上記5つに該当する場合は、子宮捻転や胎子失位といった異常が起きている可能性があります。
このような場合には、難産と判断して人間による分娩介助が必要です。

難産を減らすためにできること

牛の難産を減らすためにできることは次の通りです。

  • 体格の小さい牛(体高125cm以下)には種付けしない
  • 早すぎる分娩介助をしない
  • 失位のまま牽引しない
  • 分娩難易度の低い種雄牛を選ぶ
  • 広い分娩スペースを確保する
  • 吊起できる場所で産ませる

特に初産では事故が発生しやすい傾向にあるため、できる限りの対策をしておきましょう。

分娩前後の親牛の管理

分娩前後の親牛の管理

分娩事故をなるべく減らして空胎期間を短くするには、分娩前後の親牛の管理に気をつけなければなりません。

分娩前

分娩が近くなると、親牛の乳房が張ってきたり体温が下がったり、分娩前特有の徴候があらわれます。

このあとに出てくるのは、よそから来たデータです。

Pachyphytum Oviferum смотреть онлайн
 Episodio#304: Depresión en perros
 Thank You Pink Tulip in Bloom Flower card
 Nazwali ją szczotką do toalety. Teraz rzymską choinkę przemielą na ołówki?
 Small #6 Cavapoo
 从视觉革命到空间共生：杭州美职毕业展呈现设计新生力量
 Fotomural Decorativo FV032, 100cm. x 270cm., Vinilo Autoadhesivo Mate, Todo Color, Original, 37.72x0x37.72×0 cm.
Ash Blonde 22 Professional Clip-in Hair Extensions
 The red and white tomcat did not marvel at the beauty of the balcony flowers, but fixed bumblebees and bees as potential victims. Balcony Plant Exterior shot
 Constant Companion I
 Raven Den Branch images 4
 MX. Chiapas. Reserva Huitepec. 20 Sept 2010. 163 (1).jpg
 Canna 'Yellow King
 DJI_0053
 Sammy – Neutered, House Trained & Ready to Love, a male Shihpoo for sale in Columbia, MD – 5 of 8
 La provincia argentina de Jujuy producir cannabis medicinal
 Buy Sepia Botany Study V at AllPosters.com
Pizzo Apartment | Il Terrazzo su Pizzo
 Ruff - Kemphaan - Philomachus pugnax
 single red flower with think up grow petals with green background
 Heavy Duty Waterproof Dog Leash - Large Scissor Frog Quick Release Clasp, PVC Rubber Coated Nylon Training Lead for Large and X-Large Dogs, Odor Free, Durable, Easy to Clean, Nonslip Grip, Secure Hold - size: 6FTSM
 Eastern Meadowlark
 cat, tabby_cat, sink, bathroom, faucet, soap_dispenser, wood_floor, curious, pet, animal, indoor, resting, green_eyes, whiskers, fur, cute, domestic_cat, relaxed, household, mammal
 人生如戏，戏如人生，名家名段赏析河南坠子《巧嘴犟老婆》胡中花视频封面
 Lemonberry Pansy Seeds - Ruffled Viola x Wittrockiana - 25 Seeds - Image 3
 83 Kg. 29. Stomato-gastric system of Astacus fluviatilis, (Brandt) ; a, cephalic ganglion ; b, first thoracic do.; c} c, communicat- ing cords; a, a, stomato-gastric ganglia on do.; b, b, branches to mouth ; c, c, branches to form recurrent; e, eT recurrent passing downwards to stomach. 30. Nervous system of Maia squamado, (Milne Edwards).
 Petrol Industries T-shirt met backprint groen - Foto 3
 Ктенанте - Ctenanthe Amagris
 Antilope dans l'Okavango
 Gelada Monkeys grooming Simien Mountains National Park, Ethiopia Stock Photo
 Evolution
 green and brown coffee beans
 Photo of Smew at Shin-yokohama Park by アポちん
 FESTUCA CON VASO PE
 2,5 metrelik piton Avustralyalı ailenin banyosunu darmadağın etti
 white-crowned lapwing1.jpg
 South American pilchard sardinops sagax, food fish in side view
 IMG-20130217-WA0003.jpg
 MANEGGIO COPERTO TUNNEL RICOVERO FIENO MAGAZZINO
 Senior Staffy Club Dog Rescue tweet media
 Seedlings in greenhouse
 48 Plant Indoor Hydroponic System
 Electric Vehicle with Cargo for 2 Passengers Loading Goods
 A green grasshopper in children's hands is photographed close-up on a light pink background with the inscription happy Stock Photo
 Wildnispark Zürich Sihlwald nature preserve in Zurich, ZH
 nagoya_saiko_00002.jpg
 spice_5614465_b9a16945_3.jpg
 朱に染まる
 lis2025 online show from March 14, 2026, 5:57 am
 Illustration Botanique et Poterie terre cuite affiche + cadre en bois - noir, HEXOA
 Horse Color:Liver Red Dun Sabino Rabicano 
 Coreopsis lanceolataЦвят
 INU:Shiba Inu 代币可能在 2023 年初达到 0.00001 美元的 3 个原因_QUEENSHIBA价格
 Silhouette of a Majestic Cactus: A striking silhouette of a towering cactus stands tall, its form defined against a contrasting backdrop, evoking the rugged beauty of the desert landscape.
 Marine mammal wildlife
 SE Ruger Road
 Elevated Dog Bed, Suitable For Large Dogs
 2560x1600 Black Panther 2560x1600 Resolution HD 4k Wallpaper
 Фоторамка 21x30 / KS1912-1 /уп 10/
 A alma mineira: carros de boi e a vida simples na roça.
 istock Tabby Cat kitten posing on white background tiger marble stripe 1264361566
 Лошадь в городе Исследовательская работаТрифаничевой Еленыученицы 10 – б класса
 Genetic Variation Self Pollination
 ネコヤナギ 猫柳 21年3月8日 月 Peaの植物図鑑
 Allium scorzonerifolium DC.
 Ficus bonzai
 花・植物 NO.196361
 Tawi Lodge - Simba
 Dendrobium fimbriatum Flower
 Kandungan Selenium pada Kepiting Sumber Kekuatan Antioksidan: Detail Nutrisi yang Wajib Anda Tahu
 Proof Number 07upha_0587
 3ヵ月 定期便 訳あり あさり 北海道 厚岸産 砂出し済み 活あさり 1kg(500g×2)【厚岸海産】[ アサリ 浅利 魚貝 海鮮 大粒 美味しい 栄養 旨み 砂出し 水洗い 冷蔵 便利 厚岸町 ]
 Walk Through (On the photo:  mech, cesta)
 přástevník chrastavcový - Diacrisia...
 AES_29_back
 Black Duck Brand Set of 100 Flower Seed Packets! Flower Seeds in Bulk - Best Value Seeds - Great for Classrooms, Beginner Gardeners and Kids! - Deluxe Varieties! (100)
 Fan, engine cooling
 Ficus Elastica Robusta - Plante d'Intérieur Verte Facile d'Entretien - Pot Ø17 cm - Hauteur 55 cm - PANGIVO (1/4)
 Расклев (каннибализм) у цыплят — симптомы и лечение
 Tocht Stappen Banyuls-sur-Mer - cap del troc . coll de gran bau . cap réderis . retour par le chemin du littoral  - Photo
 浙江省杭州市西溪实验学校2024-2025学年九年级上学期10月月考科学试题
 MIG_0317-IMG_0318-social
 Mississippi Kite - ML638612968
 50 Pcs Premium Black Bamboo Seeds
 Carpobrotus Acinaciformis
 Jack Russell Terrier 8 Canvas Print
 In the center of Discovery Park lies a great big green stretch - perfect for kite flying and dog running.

分娩徴候のなかでも特に重要なのが、骨盤靭帯(仙座靭帯)の弛緩と尾力の低下です。

分娩の約1日前になると、骨盤靭帯が弛緩して尻尾を振る力がなくなります

骨盤靭帯の弛緩により尾根部にくぼみができて、この深さが前日よりも5mm以上弛緩した場合には、24時間以内に分娩する確率が96.4%になるという報告があります。

分娩後

胎子を産んだあとは、親牛の産道に手を入れて損傷の程度や双子の有無を確認します。
「奥のほうに実はもう1頭…」というケースもたまにあるので、最後まで気を抜かないことが大切です。

長時間の難産でエネルギーを消耗してしまった親牛には、補液をして体力回復を促します。

高泌乳・高齢な乳牛では、乳熱予防として皮下にカルシウム剤を投与するのも効果的です。

(参考:親牛でよくある病気3選

新生子牛の管理

新生子牛の管理

生まれたばかりの子牛は体が弱く、適切な管理をしなければ新生子死につながります。
出生直後の事故を防ぐためにも、次の手順で管理しましょう。

  1. 羊水を吐き出させて呼吸を開始させる
  2. 乾いた清潔な布で新生子牛の体を拭いて乾燥させる
  3. 臍帯がつながっている場合は、新生子牛の臍帯付着部から約5cmのところで切除する
  4. 自力で立ち上がり、初乳を飲むところを目で確認する
  5. 乾燥した清潔な敷料を敷いた場所で飼養する

新生子牛の臍帯部は病原微生物の侵入経路になります。
臍がカラカラに乾くまで(出生直後から3〜5日間)はヨーチン消毒すると臍帯炎予防になるでしょう。

(参考:子牛でよくある病気3選

まとめ

牛の分娩管理では、人為的なミスによる事故が少なくありません。焦って助産を急いだり失位のまま引っ張ったりすると、本来は整復できるはずの難産も整復できなくなってしまいます。まずは牛の力を信じてじっくりと見守り、適切なタイミングでサポートするように心がけましょう。